The nonlinear dynamical behaviour of a conducting drop in a time-periodic electric field is studied. Taylor's (1964) theory on the equilibrium shape is extended to derive a dynamical equation in the form of an ordinary differential equation for a conducting drop in an arbitrary time-dependent, uniform electric field based on a spheroidal approximation for the drop shape and the weak viscosity effect. The dynamics is then investigated via the classical two-timing analysis and the Poincare map analysis of the resulting dynamical equation. The analysis reveals that in the neighbourhood of a stable steady solution, an 0(epsilon1/3) time-dependent change of drop shape can be obtained from an 0(epsilon) resonant forcing.

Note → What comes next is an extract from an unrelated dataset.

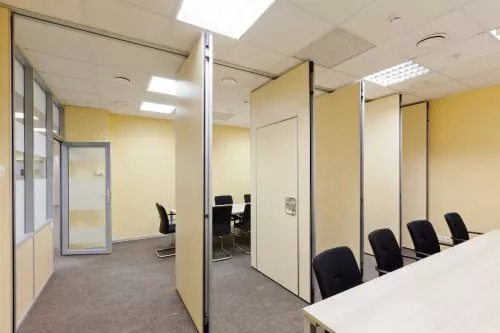 фото Раздвижные перегородки №4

It is also shown that the probability of drop breakup via chaotic oscillation can be maximized by choosing an optimal frequency for a fixed forcing amplitude. As a preliminary analysis, the effect of weak viscosity on the oscillation frequency modification in a steady electric field is also studied by using the domain perturbation technique. Differently from other methods based on the theory of viscous dissipation, the viscous pressure correction is directly obtained from a consideration of the perturbed velocity field due to weak viscosity.